Hi! I’m going to be selfish and drop a note about myself. I’m a graduate student currently living in Greensboro, North Carolina, attending UNCG for a Master of Fine Arts in poetry. I’ve got my fingers crossed to graduate in May 2019. I’m a first generation Maltese-Canadian from Tatamagouche, Nova Scotia, Canada: it’s a tiny little town just off the cold and beautiful Northumberland Strait. I completed my Honours Bachelor of Arts in politics and poetry between the University of Ottawa and Acadia University in 2017. More personally: I’m a cat mom, collector of whale tattoos (current count: 3 of 15), and I’m doing my best to survive my mental illnesses.
This list will be updated as my publication history grows.
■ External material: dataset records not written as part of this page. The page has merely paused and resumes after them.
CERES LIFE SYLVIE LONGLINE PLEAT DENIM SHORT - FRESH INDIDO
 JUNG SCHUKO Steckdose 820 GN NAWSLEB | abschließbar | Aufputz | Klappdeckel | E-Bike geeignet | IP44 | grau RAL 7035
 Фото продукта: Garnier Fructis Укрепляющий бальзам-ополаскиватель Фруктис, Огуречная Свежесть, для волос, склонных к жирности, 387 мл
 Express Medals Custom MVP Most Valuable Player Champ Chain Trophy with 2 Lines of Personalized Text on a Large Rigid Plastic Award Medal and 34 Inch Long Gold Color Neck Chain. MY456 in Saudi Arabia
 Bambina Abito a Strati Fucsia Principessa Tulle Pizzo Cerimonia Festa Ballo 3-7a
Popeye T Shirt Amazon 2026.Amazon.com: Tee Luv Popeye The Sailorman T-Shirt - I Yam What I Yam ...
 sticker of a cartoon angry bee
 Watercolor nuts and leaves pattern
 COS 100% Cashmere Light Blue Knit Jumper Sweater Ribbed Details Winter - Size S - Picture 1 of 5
If you’re interested to see what I’ve been writing, the following magazines and presses have given my poems beautiful homes.
Estuary is Acadia University’s literary and fine arts magazine. Irreconcilable Circumstances and Cross Examination, both from my undergraduate thesis IL BENNEJ U IL BAĦĦAR The Mason and the Mariner, are featured in the Spring 2017 issue.
POST GHOST PRESS based in Toronto, Canada, has a beautiful series of multi-author quarterly zine called Small Poems for the Masses. My poem After Hours in the Observatory has a place in the second volume of Small Poems. Prints are out in early 2019.
I will have two poems, Skinny Dipping and Girl Finds a Garter Snake in a provincial anthology of poems about or poets from Prince Edward Island in a joint project from the provincial council of the arts and the university. I’ve not heard a definitive publication date or anthology title yet, but I suspect it will be out by the summer of 2019.
My first piece of creative nonfiction (title and publication date TBA) is forthcoming from the University of New Brunswick’s Studies in Canadian Literature/Études en littérature canadienne. It is a collaboration with four of my peers—young women I admire hugely and am deeply grateful to have in my life. We were all English (plus one History) honours at Acadia in 2015-16-17 and remained fast friends after graduation. Together we wrote a commemorative essay about a former professor of ours who passed so unexpectedly in the summer of 2016.